The George Inn, Southwark
Had a wonderful Monday evening talking shop with Ros Barber, Jane Draycott and Jenny Lewis at The George, Southwark. The third meeting of the Medieval-Renaissance Women’s Drinking Society. To be honest, not much drinking goes on since we all have to manage work and (extended) families but the talking is wonderful. We’re at various stages of reworking texts written by long-dead men. Jane’s translation of Pearl is out there and has been reprinted; Ros’s The Marlowe Papers is out next year; mine, Jenny’s and Jay’s (the wonderful Jay Bernard) are still in progress.
Jane talked eloquently about the difficulties of positioning yourself in relation to the original text: do you sit behind it, beside it? How much of your own voice and how much of theirs. She was talking about translation but it’s relevant to any form of rewriting. It made so much sense to me. And we both talked about taking on a strong male voice and the challenges it posed. I came away feeling invigorated and ready to take the scarey step of pasting all the polished pieces into a file called ‘Fragments’. Still too superstitious to give it a final name. Roving Mic is still the working title…

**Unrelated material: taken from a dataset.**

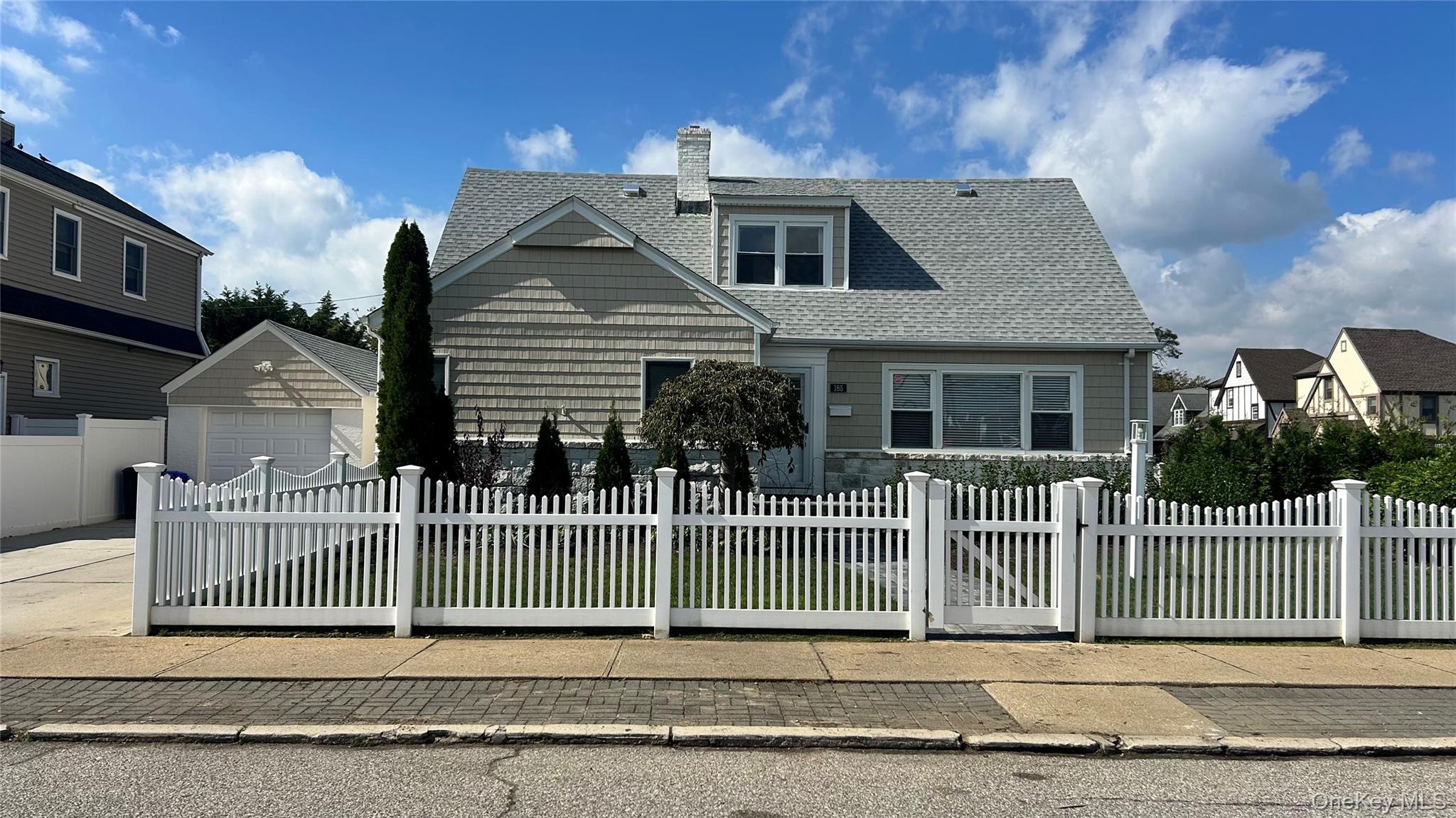 165 Franklin Boulevard, Unit main photo 2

Talking of talking heads, I’ve started working on the Monk’s Tale which is not one story but 19 stories following a monotonous tragic trajectory. Not a great read and, like my version of The Parson’s Tale, decided to create an overriding narrative. It’s in its early stages and in prose and I seriously need to revisit some Alan Bennett. In the Summer I bought both the Talking Heads book and CD and spent a couple of weeks completely immersed in both. Stunning stuff, clever, witty, moving and more risque than I imagined. It reminded me that to simulate speech you can get away with leaving a lot of words unsaid. Reminded me that speech leaves a lot unsaid.

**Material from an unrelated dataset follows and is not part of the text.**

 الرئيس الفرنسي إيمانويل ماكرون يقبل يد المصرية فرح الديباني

If poetry comes not as naturally as the leaves to a tree, it had better not come at all’ – John Keats. Discuss
Just over a week ago I had the pleasure to read at Keats House in Hampstead. It was the final event of Benjamin Zephaniah’s residency, and especially inspiring to hear young people perform their work so confidently. After the wow factor of the stunning gardens, I entered the house and the first thing to catch my eye was the postcard declaming the archetypal Romantic stance on creativity: poetry should flow freely, and if forced, doesn’t have the right to exist. Until now, I’ve found the quotation rather suspect and believed it the source of volumes of dreadful unedited drivel claiming to be divinely inspired. I still challenge the notion that the first draft is the best draft and strongly believe in drafting, grafting and crafting. But in that moment I wanted to take that postcard and pin it to my computer monitor so that every time I sat down to write I’d be reminded that it shouldn’t feel like ‘shovelling coal’ to quote one of my own poems.
The past few months have taught me the value of writing ‘horizontally’ rather than ‘vertically’. This means writing several first drafts one after the other so that I have a string of titles rather than drafting, grafting and crafting one piece at a time. Since my ‘retreat’ I’ve attempted to get into periods of drafting only, so that Iwrite more quickly and the ideas flow fast and free. When I have three or four raw pieces I then decide to take them onto the next level i.e. I put on my editing head. It’s liberating. It also means you have a distance on the drafts so when you return to them you’ve had a month or more away and can view them more objectively.
Now some reading this might say, that’s how I’ve always worked, and that’s certainly how I used to work but as I got more page-obsessed I changed my practice. It’s lead to writer’s block and at times, painfully slow progress. It’s amazing what you can do when you just let the ideas come out. An extreme example of this happens to me every morning about 8am when I step into the shower. I almost always have a creative insight. However, since the clocks went back, I’ve been a bit out of sync which makes me question whether the magic has nothing to do with the shower and everything to do with the hour. I’ve also noticed that since British Summertime ended I have the serious urge to hibernate. The poetry’s not coming as naturally as the leaves to a tree, it feels more like the leaves falling off a tree. ..But one thing I do know, if it’s like shovelling coal at first draft stage, there’s something wrong with the fundamental idea. I only flow when the idea’s fully formed. No more spending three months on one poem. The first draft should take a matter of hours…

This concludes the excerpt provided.